The European Commission says rollout of next-generation fiber networks is at risk due to disparate regulations in the region, and has reiterated its calls for a single European telecoms market to address the problem.
In a report released yesterday, the Commission said its work to-date has improved competition in the region, but warns that different approaches by individual national regulators threatens the harmony of “investment intensive infrastructure projects,” including NGA fiber networks.
Access to high-speed broadband is a key part of the Commission’s Digital Agenda, which aims to boost the region’s economy by unifying digital markets.
Neelie Kroes, VP for the agenda, said the Commission’s Article 7 procedure, which requires national regulators to inform the Commission of their plans to regulate domestic telecoms markets, had succeeded in providing a more stable market that offered consumers greater choice and lower prices.

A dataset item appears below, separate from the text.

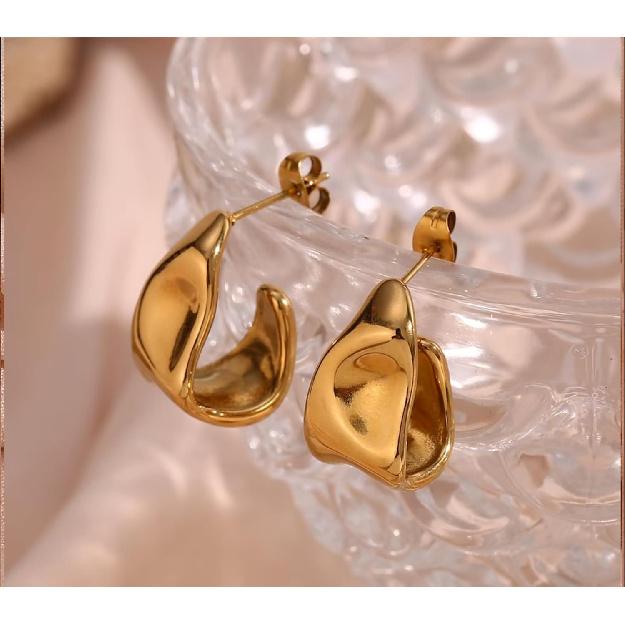 Amicon Chunky Gold Stud Earrings for Women 14k Gold Plated Hypoallergenic Earrings Statement Trendy Fashion Gold Jewelry Gifts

However, she added that better co-ordination of regulations was needed “to ensure harmonized implementation and proper functioning of a single EU telecoms market.”

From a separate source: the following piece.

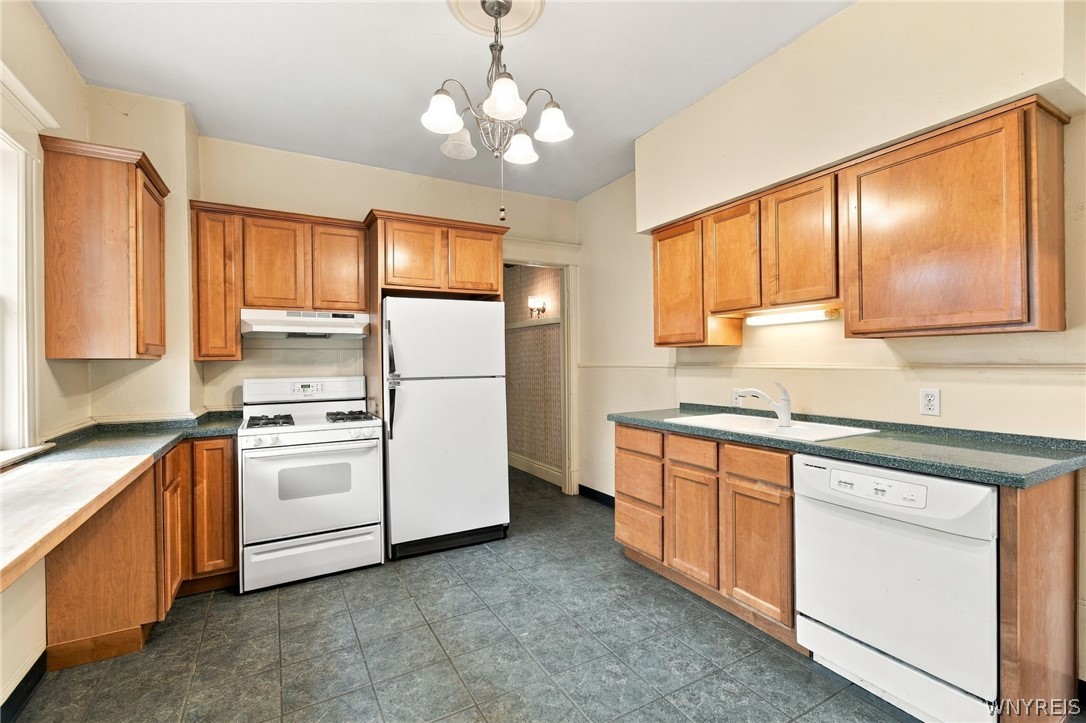 8 Berkley Place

The report flagged three main problem areas: different treatments of fiber access products in wholesale broadband markets; variations in network interconnection and access rates; and disparate regulations covering the way telcos separate services provided to rivals and consumers.
Despite the problems, the report said that Article 7 has “led to less and better regulation across EU telecoms markets,” since it was introduced two years ago.
But it conceded the Commission’s dream of a unified telecoms market in the region is “still far from reality.”
The Commission is due to present its proposals for a single market in July.